In recent months, a historic wave of protests have erupted as a result of the murders of George Floyd, Breonna Taylor, Ahmaud Arbery and countless other lives due to racism in our police departments and nation. 

Many resources have been shared on social media platforms such as Twitter, Instagram and Tiktok to inform people how racism has influenced our economy, political environment and especially our education. The information proves that a lot of United States history is whitewashed in classrooms.  

Growing up in Miami, I attended schools with the majority of students being Hispanic, a small percentage of Black students and almost no white students. 

Most of my teachers during my years 12 of public school were Hispanic too, with a few being white. I don’t remember ever having a Black teacher.

The problem with whitewashing history is that it does not tell students the truth of the atrocities that Black, Indigenous and people of color have experienced. Instead, everything is painted in a way where racism was a thing of the past and the Civil Rights Movement ended it. 

The Civil Rights Movement happened from 1954-1968. Black and white photos are often used in textbooks to depict that era. That gives the impression that the movement happened a long time ago. That is only a small way of whitewashing. 

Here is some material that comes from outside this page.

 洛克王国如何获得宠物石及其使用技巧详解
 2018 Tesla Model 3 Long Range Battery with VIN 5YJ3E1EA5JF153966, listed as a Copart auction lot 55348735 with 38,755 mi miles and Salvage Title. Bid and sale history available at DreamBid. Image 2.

Nikita Stewart of the New York Times Magazine highlights in her article on educational malpractice that “states are not required” to meet academic standards for social studies and U.S. history. This causes students in every state to learn something different. According to the findings, one third of the 1,000 students that participated believed that the Emancipation Proclamation ended slavery.

Also, of 1,700 social studies teachers, 60% did not believe that their textbook’s coverage of slavery was adequate. 

In the New York Times magazine article Maureen Costello of the SPLC tells Stewart that slavery is taught “because they have to teach the Civil War.” This resonated with me because in every history and social studies class I took, we only talked about slavery once the chapter on the Civil War began.

What is also deeply disturbing is how the war is portrayed. In my classes, the Union was portrayed as the saviors who freed the slaves, even though slavery was legal in the North and the South was portrayed as the “bad people” who had to be shown the right way.  

What was not explained was how the free slaves who helped the North fight experienced extreme racism at the hands of Union generals. What was also not taught is that the South’s mentality on free labor continues to exist today in our prison industrial system. 

After watching Ava DuVernay’s documentary, 13th, I learn that slavery is still legal in the United States. If you are convicted of a crime, forced labor can be given as a punishment. 

In 2019, a substitute teacher in Raleigh, N.C. resigned after a student told his father that she said that Martin Luther King, Jr. committed suicide. This, along with the depiction of Malcolm X as a violent figure in history are even more examples of how our education is whitewashed.

I distinctly remember being taught that MLK was good and Malcolm X was bad. However, Malcolm X’s perspective and experiences were never explained to us. Instead, we were shown images of the Black Panthers without any context, leading us to believe they were a dangerous group. 

In reality, they created the Free Breakfast for School Children Program that is still used today in our schools. Where is their credit? 

If students are not taught the reality of racism in the United States, we grow up extremely misinformed. This can cause children to grow into people who contribute to the system, allowing the cycle to continue. 

We need to rethink the American education system and come up with standards for every state, ensuring that history is not swept under the rug and children grow up learning factsnot fiction.